2010 yılının en büyük siyasi skandallarından biri Julian Assange'a karşı açılan davaydı. Ancak, sanılanın aksine, kendisine karşı suçlamalar, gizli bilgilerin yayılması nedeniyle değil, tamamen farklı bir nedenden dolayı açıldı.

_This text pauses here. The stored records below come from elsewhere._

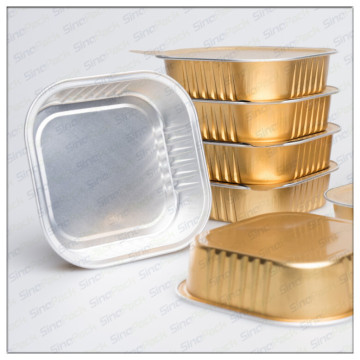 Easy Open Ends Aluminium Foil Container for Food Factory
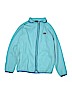 Patagonia 100% Polyester Solid Blue Fleece Jacket Size 14 - photo 1
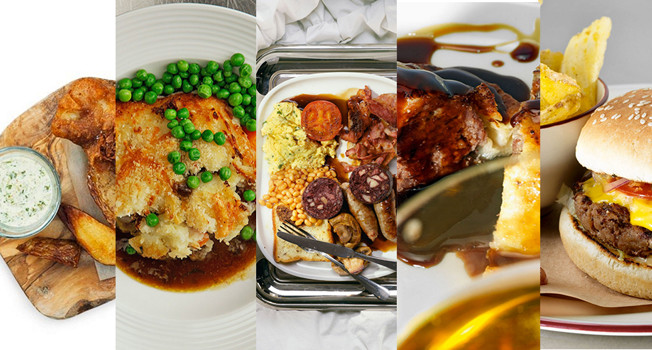 Еда из британского паба фото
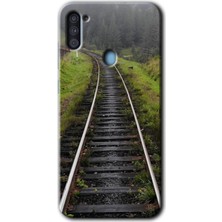 Gramaphone Galaxy M11 Kılıf Hd Desen Baskılı Arka Kapak - Tren Yolu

Julian Assange'ın adı, WikiLeaks web sitesinin açılmasından sonra 2006'da internette yaygın olarak tanındı. Assange tarafından düzenlenen ağ projesinin amacı, örneğin diplomatik departmanlara yönelik, sınırlı erişime sahip gizli belgelerin ve kağıtların yayınlanmasıydı. Bu tür bilgilere erişimi olan herkes site üzerinden paylaşma imkanına sahiptir. Böylece WikiLeaks'in yaratıcısı, kamuoyunu dünya siyasetinin karanlık tarafları ve özel servislerin faaliyetleri hakkında bilgilendirmek istedi.
İnternet üzerinden sınıflandırılmış bilgilerin yayılması birçok hizmet ve departmanı endişelendirdi. Sonuç, siteyi mahkemeler aracılığıyla kapatma ve Assange'ı adalete teslim etme girişimi oldu. Ancak böyle bir girişim başarı ile taçlandırılmadı.

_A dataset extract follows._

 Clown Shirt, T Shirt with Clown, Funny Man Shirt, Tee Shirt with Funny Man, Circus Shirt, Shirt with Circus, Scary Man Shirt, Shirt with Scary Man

Ağustos 2010'da, Assange yine de iyi bilinen web sitesinin faaliyetleriyle ilgili olmayan bir konuda suçlandı. İki İsveç vatandaşı onu tecavüzle suçladı. İsveç mahkemesi davayı iki kez kapattı, ancak ardından Julian Assange için uluslararası tutuklama emri çıkardı. Bu sırada, İsveç makamlarının zulmünden kaçan WikiLeaks web sitesinin kurucusu, diğer ülkelerin yetkililerine nadiren şüphelileri çıkardığı gerçeğiyle bilinen İngiltere'ye taşınmıştı.

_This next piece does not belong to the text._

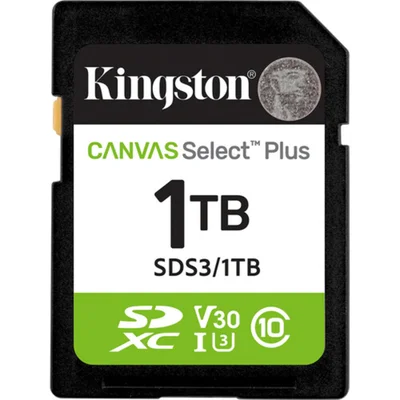 Cartão Memória Kingston Sd Xc 1TB 150mb/s Uhs-i V30 Sds3/1TB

Tecavüz suçlamaları, WikiLeaks web sitesinde belgelerin yayınlanmasını çevreleyen başka bir skandalla aynı zamana denk geldi. Bu, savcılığın siyasi katılımı ve tüm davanın sitenin faaliyetlerinin sona erdirilmesi için hazırlanabileceği konusunda şüpheleri artırdı.
Assange, 2011 yılında İngiliz polisi tarafından tutuklandı ancak daha sonra kefaletle serbest bırakıldı. 2012 yazından itibaren İngiltere, Assange'ı İsveç'e transfer etmeye karar verdi, ancak kendisi Güney Amerika ülkelerinden birinde siyasi sığınma başvurusunda bulunmayı planlıyor.